A lot of people claimed that this chipset was late, but NVIDIA could not state why they would not launch until now. Announced on July 16th, three and a half months ago, we expected it to hit us so did many readers - (ed. hopefully we will not get emails from them asking for it anymore.) NVIDIA waited for the offical launch of the NFORCE2 solution until AMD had there 333 Bus solution ready, for whatever reasons it has been waiting until now. Partners have been working with NVIDIA for many months and readying their solutions even using older silicon to what we have here now. There is little point in releasing a chipset which supports 333 bus CPUs without any CPUs on the market.

But better late than never and maybe NVIDIA had good reason. We'll take a look at those reasons (probably pure speculation) and a look at the chipset itself in this article.

Original nForce was an ambitious outing for the worlds largest graphics chip manufacturer. With technologies such as the DASP (Dynamic Adaptive Speculative Preprocessor), TwinBank (a dual channel DDR memory controller) and the HyperTransport bus link, it was a tech heavy chipset that had plenty of performance and good features. The southbridge or MCP (media and communications processor) was, and maybe still is until today, the best AMD southbridge. With a world class audio solution in the APU that did a lot of nifty stuff in hardware such as Dolby Digital and up to date features like Ethernet, the original nForce chipsets were excellent.

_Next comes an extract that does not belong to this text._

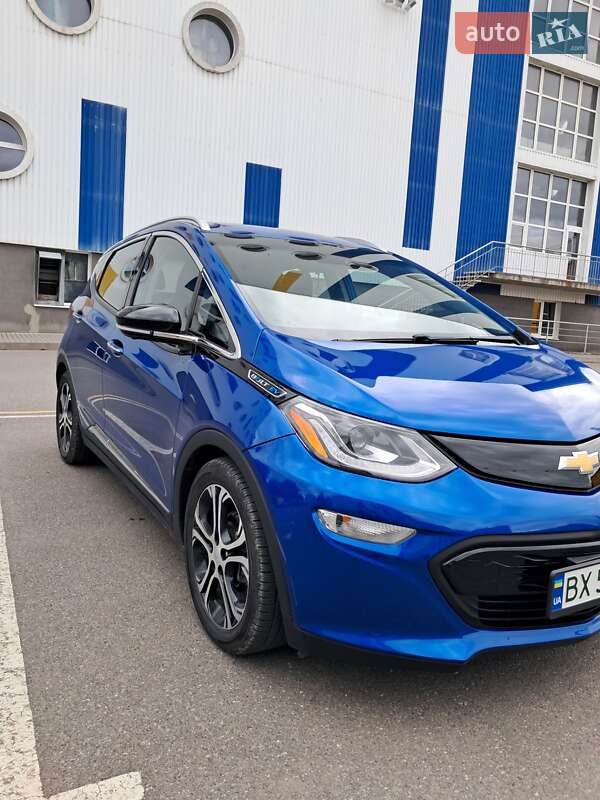 Хетчбек Chevrolet Bolt EV 2021 в 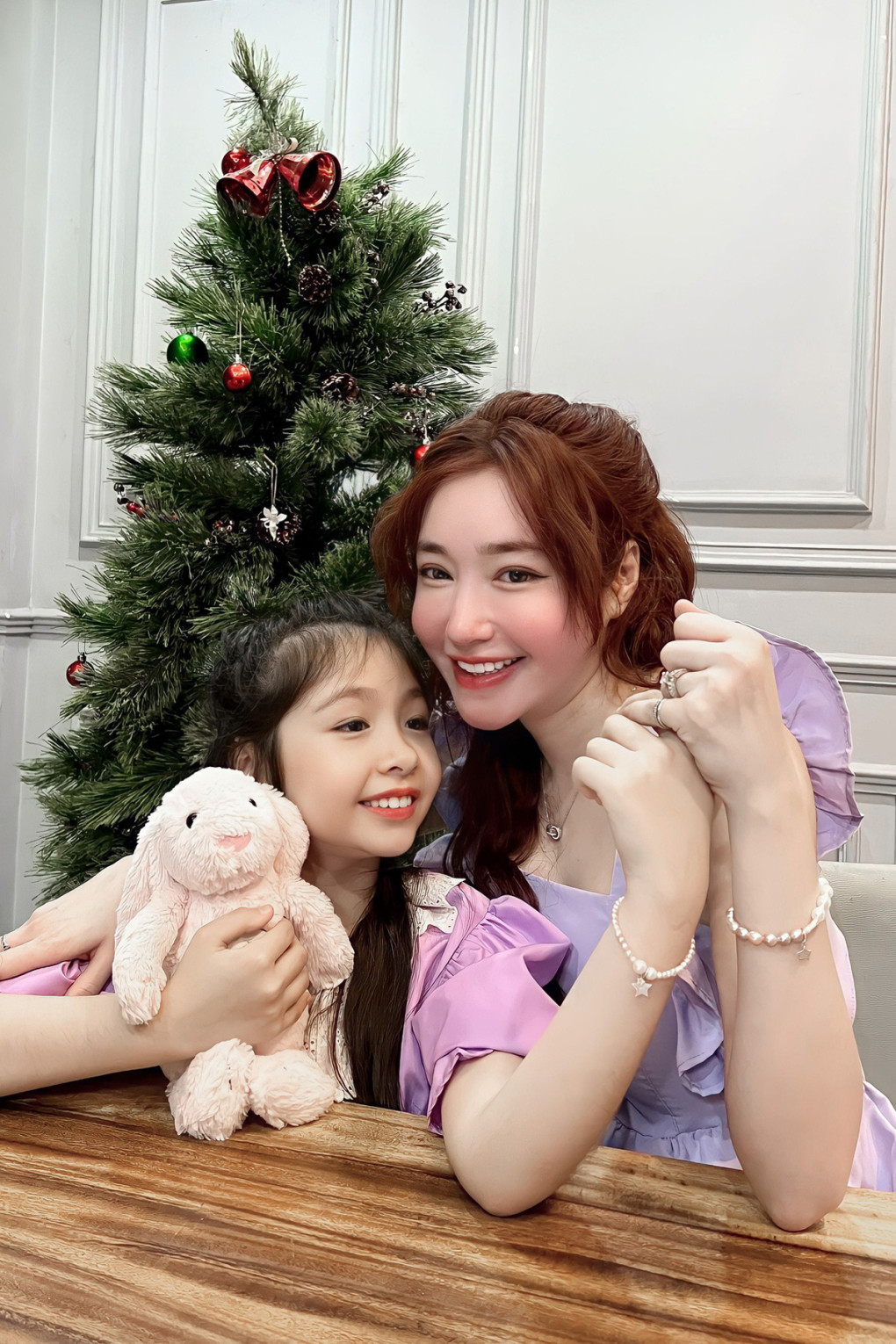 Trong những bức ảnh Elly Trần chia sẻ, bé Cadie tạo dáng điệu đà.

nForce 420 (integrated graphics core) and 415 (no core) were popular with board makers and some decent boards arrived and did well. The chipset had issues however. I could never make it overclock. That's not to say some couldn't, but nForce based boards that did some decent front side bus overclocking were few and far between and that sort of killed it in the eyes of the enthusiast. Many niche users loved the chipset however and it was a success overall. Enough of a success for NVIDIA to comtemplate a successor.

So here we have it, nForce2 (or CRUSH18) in a couple of variants (615 and 620), updated and tweaked and ready for release.

Lets take a look at what's new, what's not and cast a judgemental eye over the whole shooting match to see if NVIDIA have got it right again, maybe even more right than before.

Onto the official spec.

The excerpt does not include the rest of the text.